MATERIAL FOR THIS EXERCISE ::
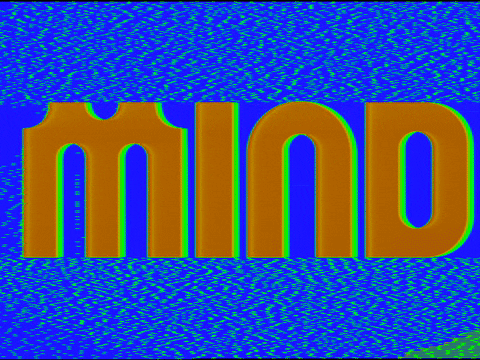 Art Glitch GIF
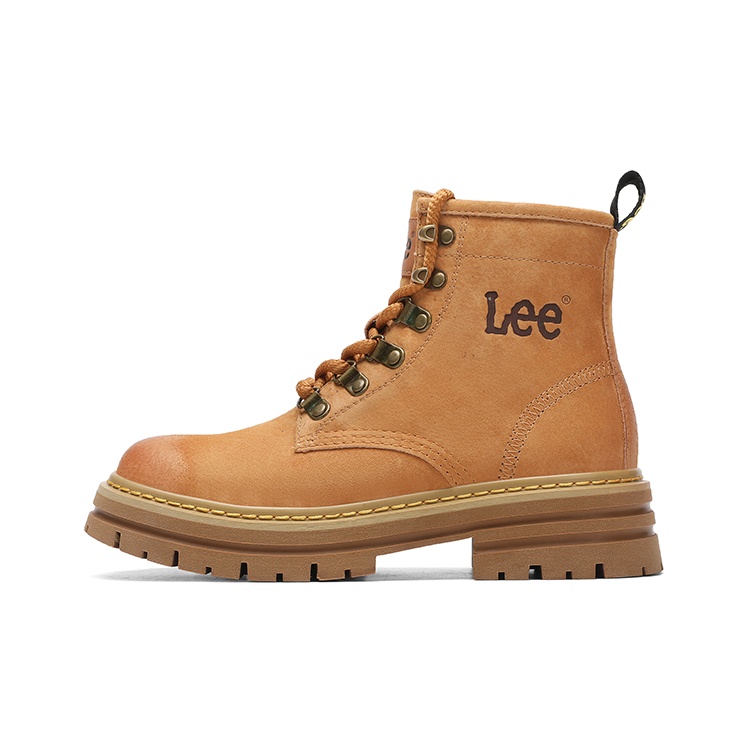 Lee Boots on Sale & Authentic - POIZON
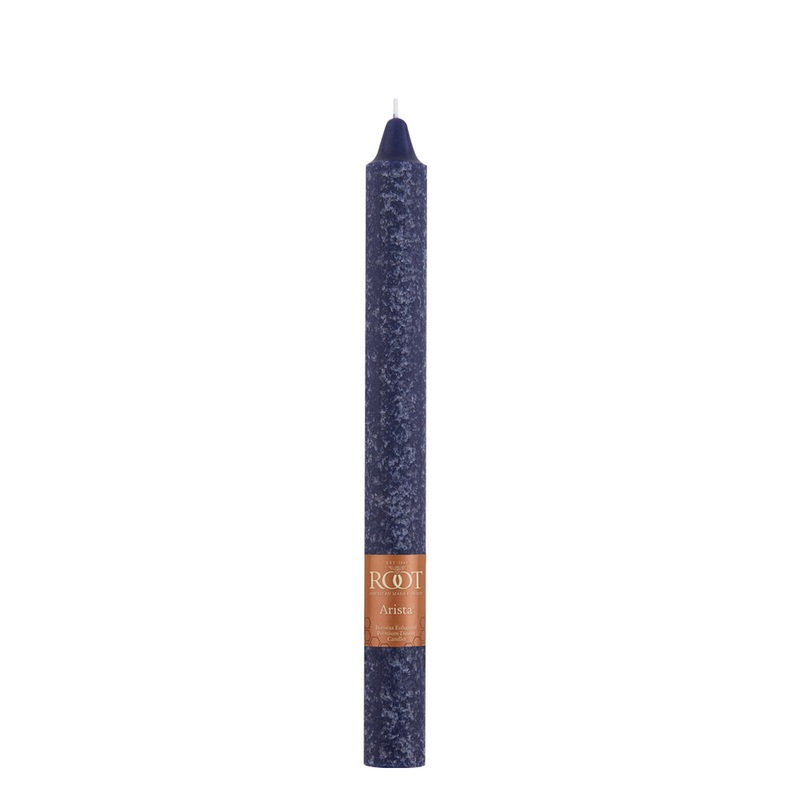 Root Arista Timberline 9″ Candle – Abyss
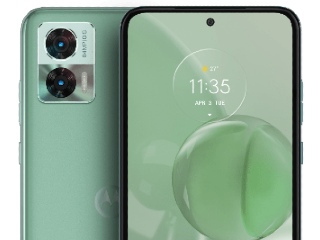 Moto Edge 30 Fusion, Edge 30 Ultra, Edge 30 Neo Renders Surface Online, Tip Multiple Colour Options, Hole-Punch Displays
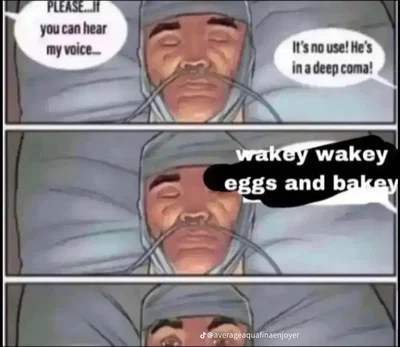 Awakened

TO DO :: Leave the pictures out, and transcribe each of the records exactly.

SOLUTION FOR THIS TASK ::
 Art Glitch GIF
 Lee Boots on Sale & Authentic - POIZON
 Root Arista Timberline 9″ Candle – Abyss
 Moto Edge 30 Fusion, Edge 30 Ultra, Edge 30 Neo Renders Surface Online, Tip Multiple Colour Options, Hole-Punch Displays
 Awakened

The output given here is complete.